There have been a number of computer models of the shoulder developed in the last few decades, and most of them are strictly inverse. The first models were two-dimensional, restricted to single-motion patterns, and did not include all the shoulder muscles (DeLuca and Forrest 1973, Dul 1987). There are very few three-dimensional models, mostly because of the complexity of the shoulder mechanism. The “Swedish” shoulder model was developed by Karlsson and Peterson, based on morphological measurements by Hogfors et al (Karlsson and Peterson 1992, Hogfors et al. 1987). The “Delft” model, by van der Helm, is based on morphological data from Veeger et al (van der Helm 1994, Veeger et al. 1991, 1997). The “Newcastle” shoulder model, described by Charlton and Johnson, is based on data from Johnson et al., van der Helm and Veeger (Charlton and Johnson 2000). The only forward model developed to date, by van der Helm and Chadwick, is still under development and has very slow simulation speed (van der Helm and Chadwick 2002).

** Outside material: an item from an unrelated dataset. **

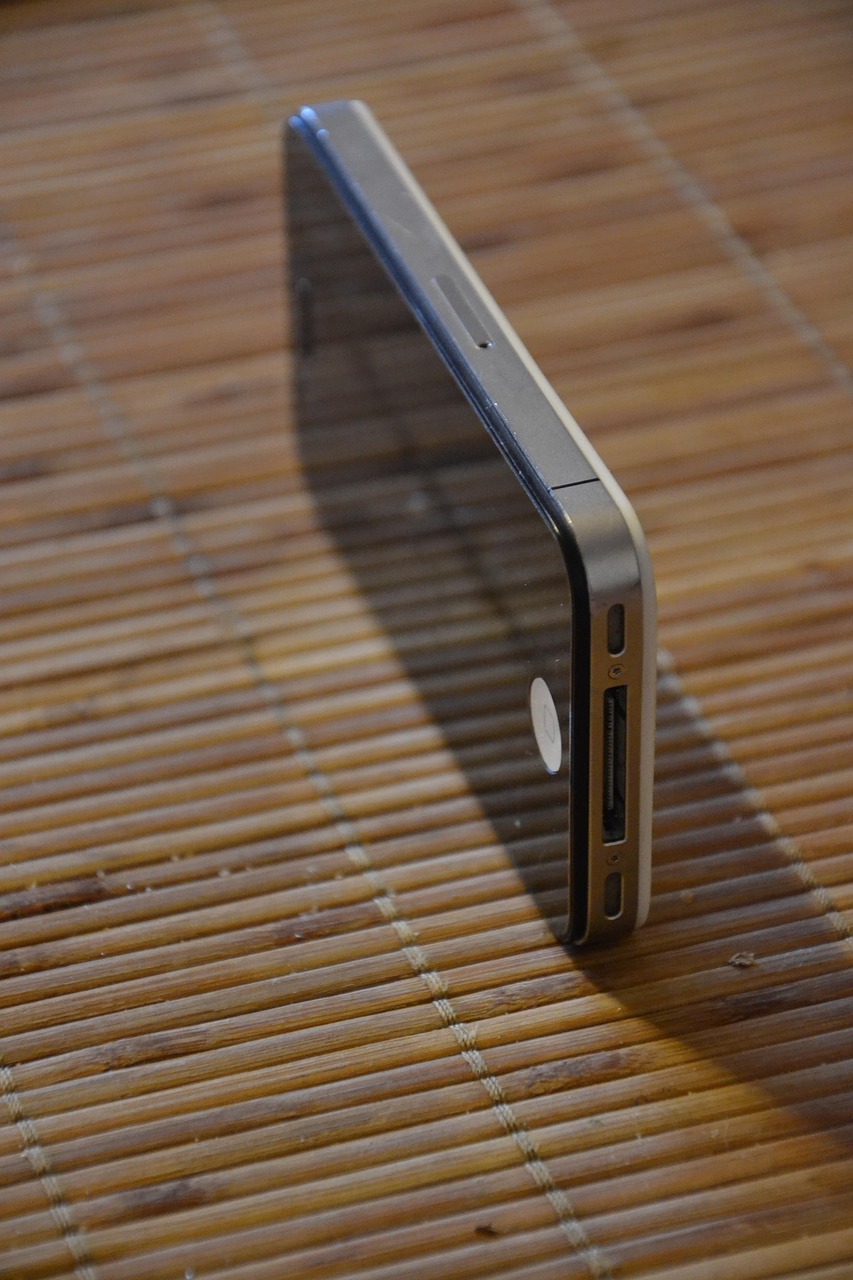 现在的iphone4还能用来做什么,苹果4还能用吗现在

In this study, a new model of the shoulder and elbow was developed that can be used for both inverse and forward dynamic simulations, thus providing a complete description of the upper extremity. Verification of the model was achieved in an inverse dynamic manner, by correlating the EMG activity in different muscles during arm movements performed by able-bodied individuals, to the activation patterns predicted by inverse dynamic simulations using the model. Finally, an example of the model use in neuroprosthesis design is presented. The model was adjusted to simulate a C3 SCI individual, and the effect of two different sets of stimulated muscles in the performance of a humeral abduction movement was investigated.
2. Methods
2.1 Model Construction
The muscle and joint parameters for the model were obtained from cadaver studies by Klein-Breteler et al (1999). These parameters include the position of joint centers, inertial parameters for body segments, the number of elements representing each muscle, and the optimal fiber length, origin and insertion, tendon slack length, physiological cross-sectional area and pennation angle of every element.

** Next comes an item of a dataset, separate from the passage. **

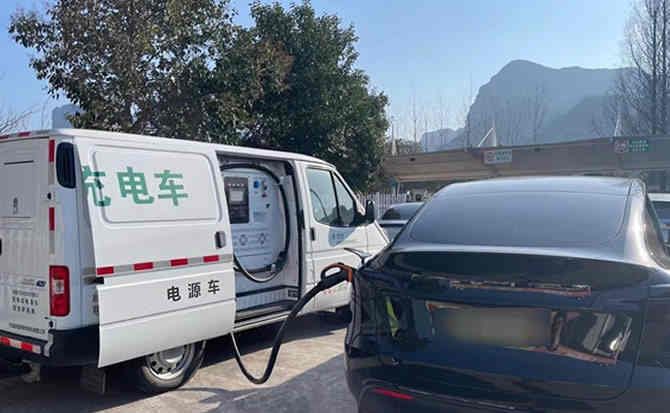 固阳汽车搭电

The software used to create the model was SIMM (Musculographics, Inc.), a graphics-based system developed especially for musculoskeletal modeling. The model consists of six bones (sternum, clavicle, scapula, humerus, ulna and radius) and five joints (sterno-clavicular, acromio-clavicular, glenohumeral, humero-ulnar and radio-ulnar). The three joints at the shoulder are ball joints, with three degrees of freedom each, while the elbow and forearm joints are one-degree-of-freedom, single-axis joints. The model includes the so-called scapulothoracic gliding plane (van der Helm 1994), which means that the medial border of the scapula is constrained to maintain contact with the thorax.

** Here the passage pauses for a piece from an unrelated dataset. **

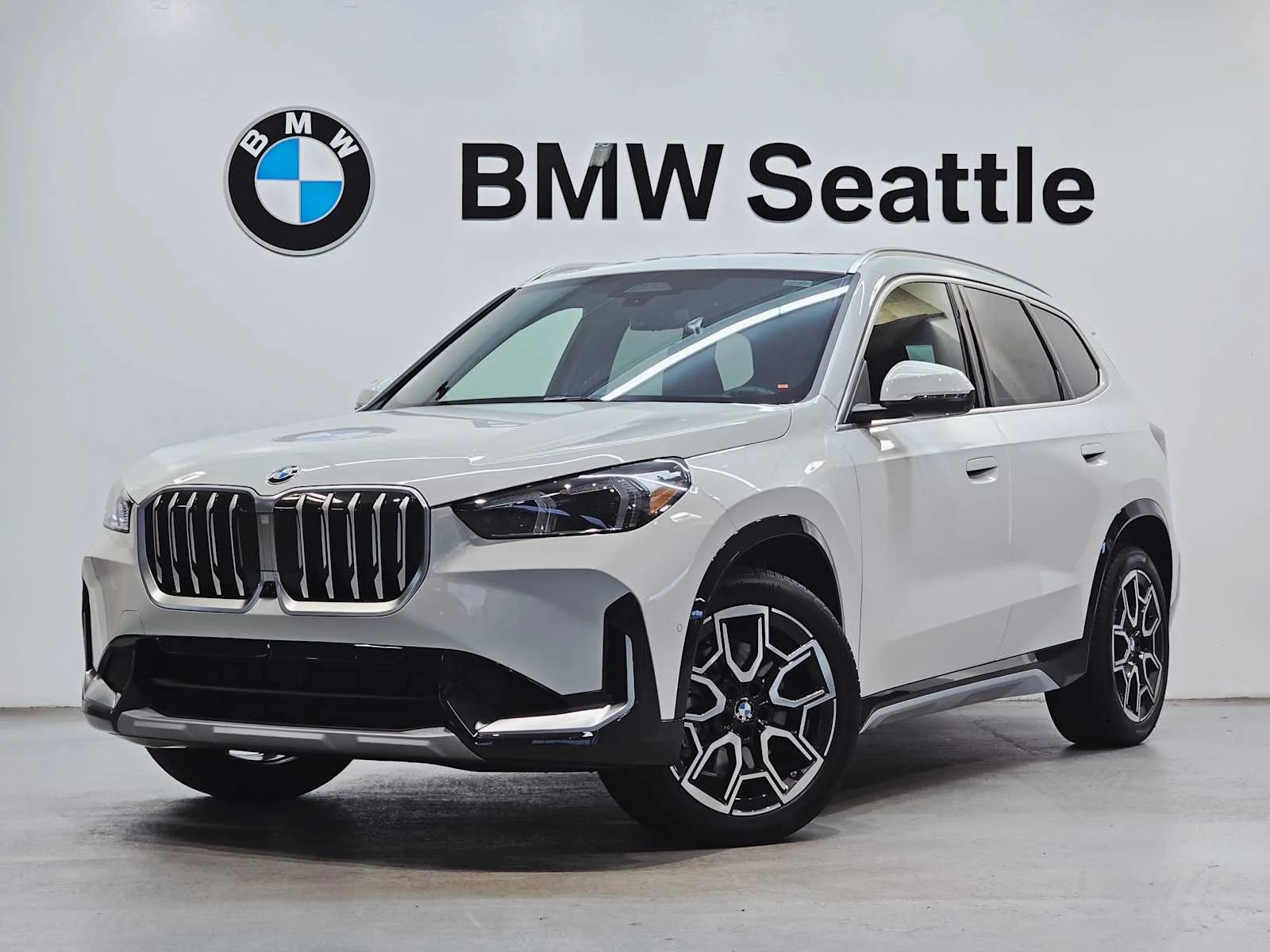 2026 BMW X1 28i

The muscles are represented by one or more elements, depending on their size and the width of their attachment site (Table 1). The model includes 29 muscles, with a total of 138 elements. If the muscle wraps over a bone surface, a “wrap object” is used to represent that surface such that the muscle path is not allowed to pass through the bone.
Table 1.
Muscle | Number of elements | Muscle | Number of elements |
---|---|---|---|
Trapezius, scapular part (mid and lower) | 11 | Biceps, long head | 1 |
Trapezius, clavivular part (upper) | 2 | Biceps, short head | 2 |
Levator scapulae | 2 | Triceps, long head | 4 |
Pectoralis minor | 4 | Triceps, medial head | 5 |
Rhomboid | 5 | Triceps, lateral head | 5 |
Serratus anterior | 12 | Latissimus dorsi | 6 |
Deltoid, scapular part (post and mid) | 11 | Pectoralis major, thoracic part | 6 |
Deltoid, clavicular part (anterior) | 4 | Pectoralis major, clavicular part | 2 |
Coracobrachialis | 3 | Brachialis | 7 |
Infraspinatus | 6 | Brachioradialis | 3 |
Teres minor | 3 | Pronator teres | 2 |
Teres major | 4 | Supinator | 5 |
Supraspinatus | 4 | Pronator quadratus | 3 |
Subscapularis | 11 | Anconeus | 5 |
In order to run dynamic simulations, two additional software packages were used. The first package was SD/FAST (Parametric Technology Corp), which uses parameter files created by SIMM to compute the equations of motion of the modeled system. The second package, the Dynamics Pipeline (Musculographics, Inc.), connects SIMM to SD/FAST in order to perform forward and inverse dynamic simulations. In the case of forward dynamic simulations, the model inputs are muscle activations and possible external loads, and the output is the resulting movement. In the case of inverse dynamic simulations, the desired movement and possible external loads are the inputs, and the required muscle activations are the outputs.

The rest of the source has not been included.